Today, President Obama announced a new plan to create jobs and energy from "drop-in biofuels," a replacement for petroleum-based gasoline, the kind that we've been buying from mad dictators in the Middle East for decades, financing their oppressive and terroristic policies. Under this plan, the federal departments of Agriculture, Energy and the Navy will all kick in $510 million to entice biofuel companies to ramp up their production of fuel from biomass resources, namely dead plants and trees, for use in military and commercial transportation vehicles -- mainly our planes and trains.
Why should we care? Because if this pilot is able to take off, then the Obama Administration will change the game in terms of creating new jobs, markets and industries on renewable energy sources, and helping get us off our foreign oil addiction.
But before getting too excited, here's what you need to know about the plan:
* One cool part about this is that many of the jobs created from this venture will come from building the settings and capacity for developing biofuels. Since there aren't that many biofuels refinery plants in existence right now, this plan will help finance the retro-fitting and conversion of buildings into these kinds of refineries. Such construction and retro-fitting jobs often are available for low- or mid-skilled laborers, meaning you don't need an advanced degree in science to apply.
* The federal departments are each supposed to dole out $170 million from their respective already-authorized budgets. However, this is just start-up money. As with all government job-creation policies, private companies will need to step up and invest to make this energy- and job-creation market work. Right now the White House is expecting dollar-for-dollar matches from industry.
* $510 million is a drop in a bucket compared to the amount we spend importing oil -- $300 billion -- and also the amount we subsidize oil companies with: about $4 billion a year on average.
* The financial agreement is non-binding. Any of the federal departments can pull out at any point, and their split depends on the availability of funds. Meaning if they can't find any companies willing to match funds, or some other funding priority takes hold from one of the federal stakeholders, than this gig comes to an end. At best, it becomes an underfunded program.
* This plan is focused on rural areas, and many African Americans who live in the Southern states live in rural areas where poverty and unemployment is heavily pronounced. Just because this is a non-urban jobs program doesn't mean it will only help white people.
* Biofuels are controversial because they normally refer to ethanol, which causes farms to develop corn for energy purposes rather than feeding purposes, putting the two markets in direct competition with each other, and often driving corn costs up.
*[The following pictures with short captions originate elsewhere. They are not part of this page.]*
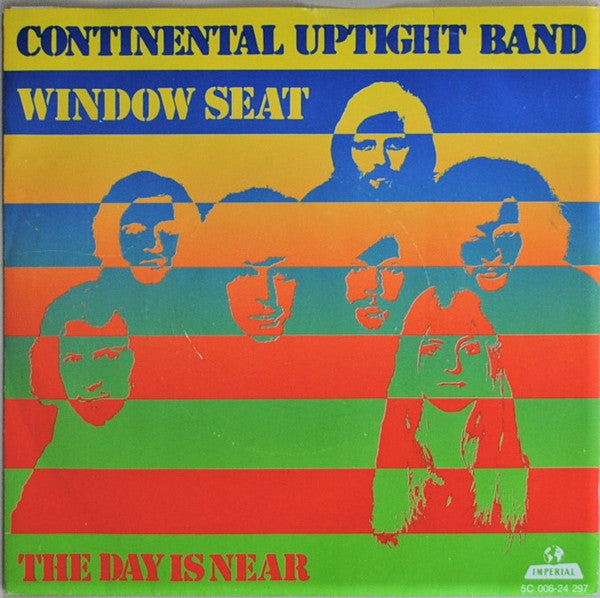The Continental Uptight Band : The Day Is Near / Window Seat (7", Single)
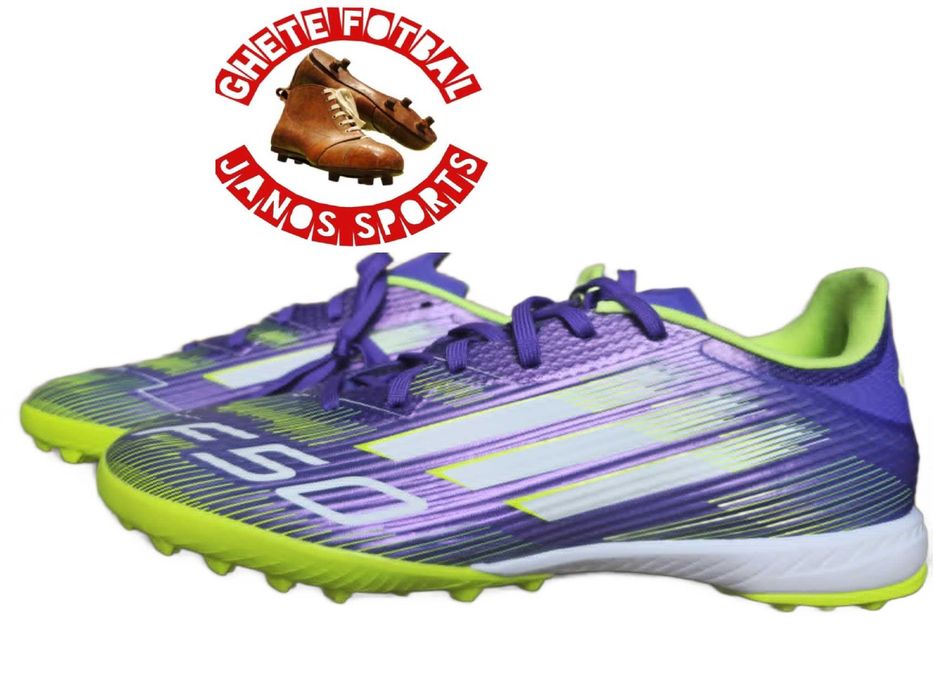 Ghete fotbal sintetic NOI Adidas F50 League marimea 42-42,5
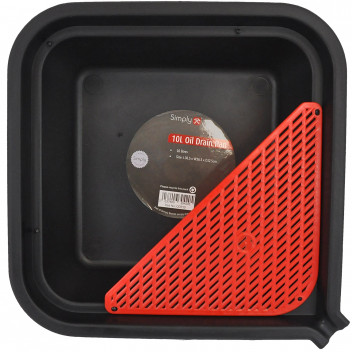 Simply Tools Oil Drain Pan 10L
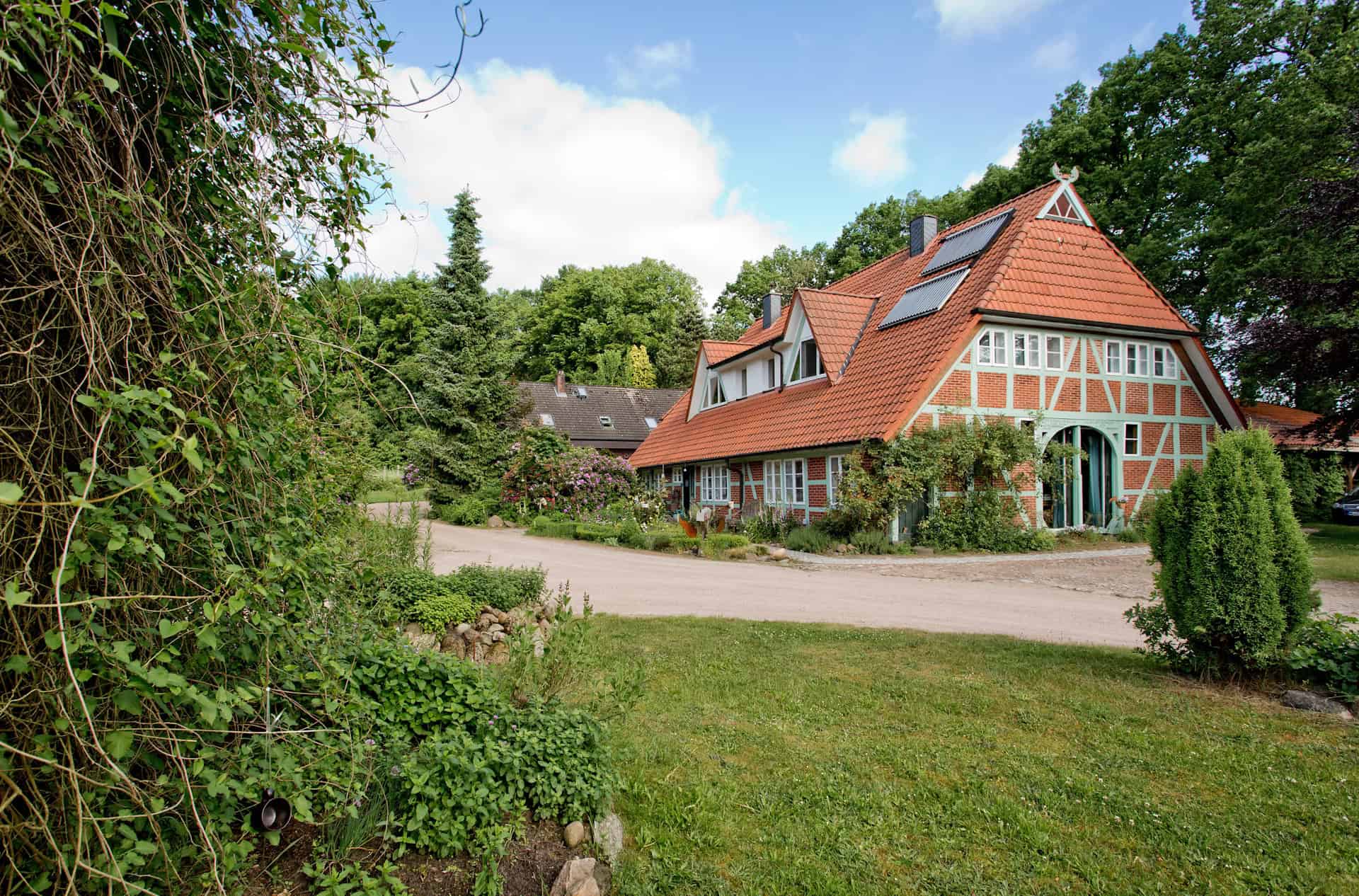 Das Bauernhaus auf Ferienhof Drewes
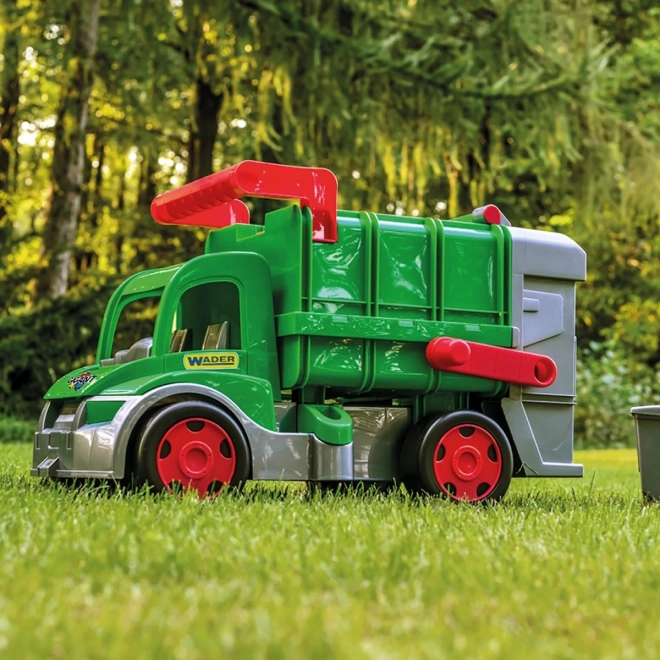 Gigant farmer szemetesautó gyerekeknek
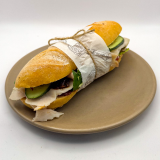 TURKEY BRIE CRANBERRY ROLL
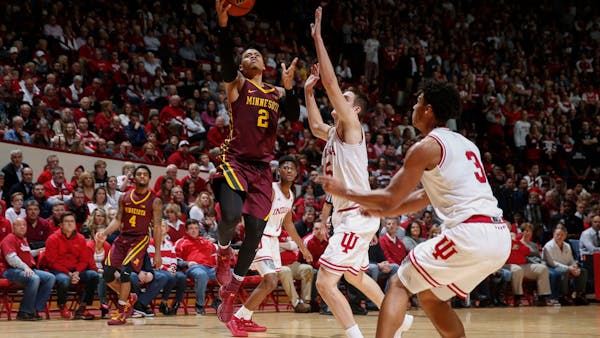 More of the same: Gophers fall at Indiana, losing streak reaches seven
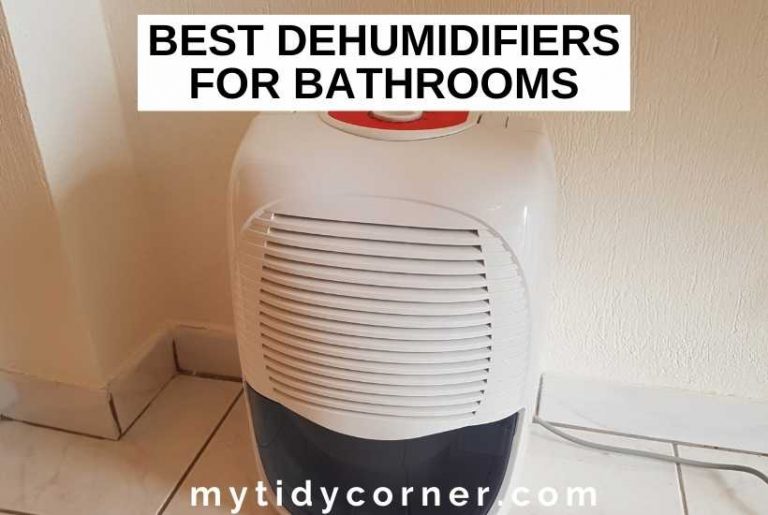 4 Best Dehumidifiers for Bathrooms to Eliminate Moisture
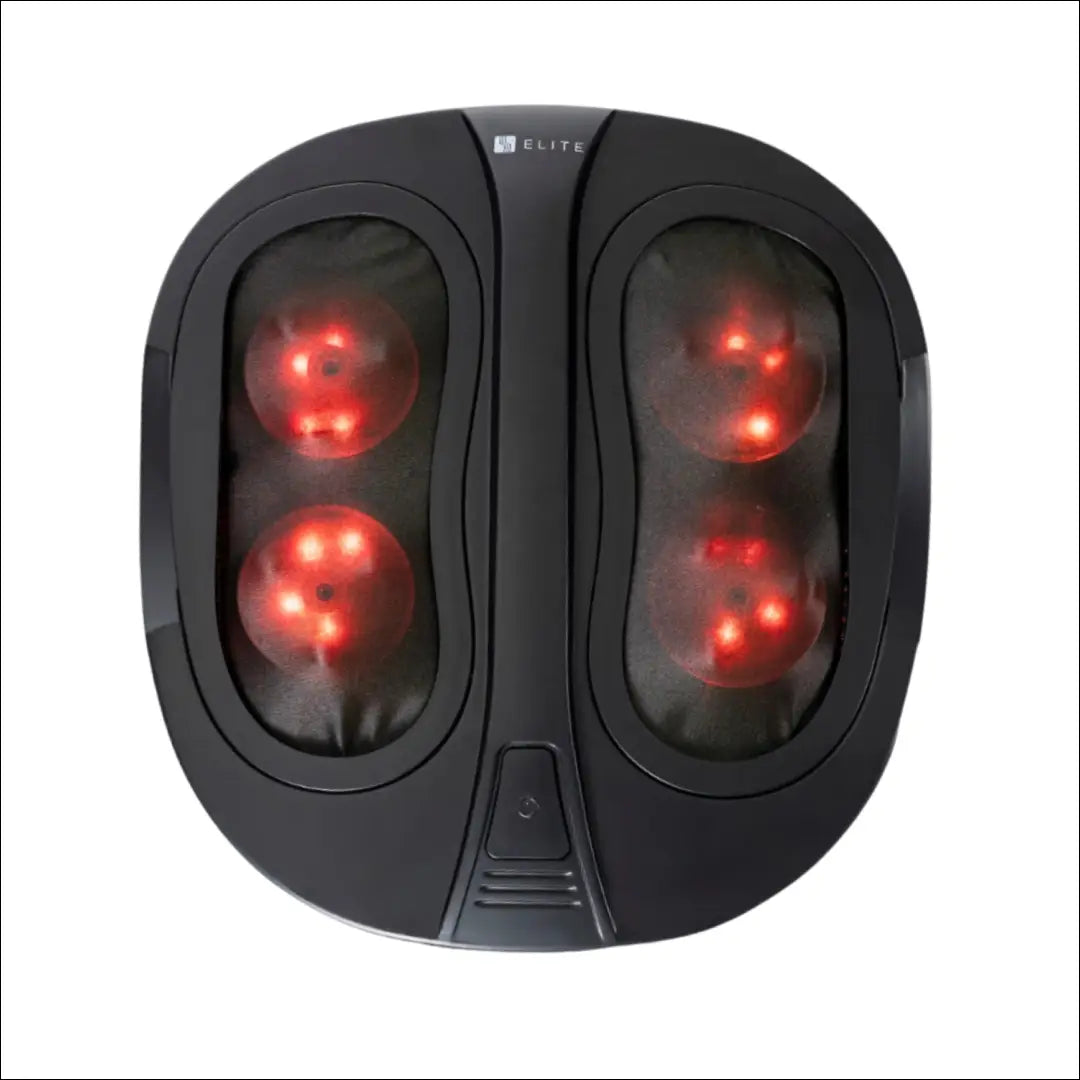Pėdų masažuoklis su tinklelio atlošu juodos spalvos TE1114 - €43 Save 15% 25-50, __label:Pristatymas 5-14 d.d., elite,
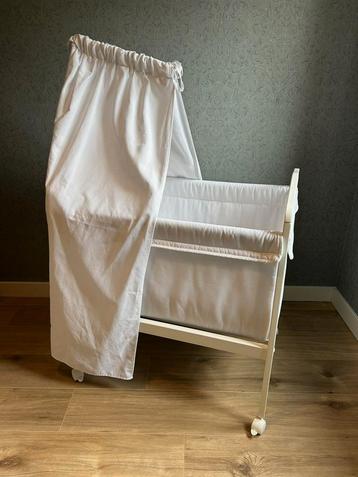 Zara wiegje met extra zara matras 73x51 beschikbaar voor biedingen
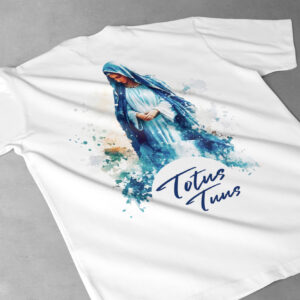 Camiseta Totus Tuus Manto Vivo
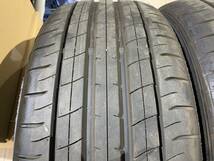 【2404067】納車外し DUNLOP SP SPORT MAXX 050 225/50R18 2023年 C-HR カローラクロス ヴェゼル レガシィ ハイエース アルファード 等_画像7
In Iowa, where Obama is today for the White House Rural Economic Forum, ethanol is a huge commodity, using 58% of its corn crop for it this year. This is also the state that all of the presidential candidates want to keep happy. However, the criteria set for the retro-fitted refinery plants under this plan asks that "no significant impact on the supply of agricultural commodities for the production of food," happen to create these biofuels.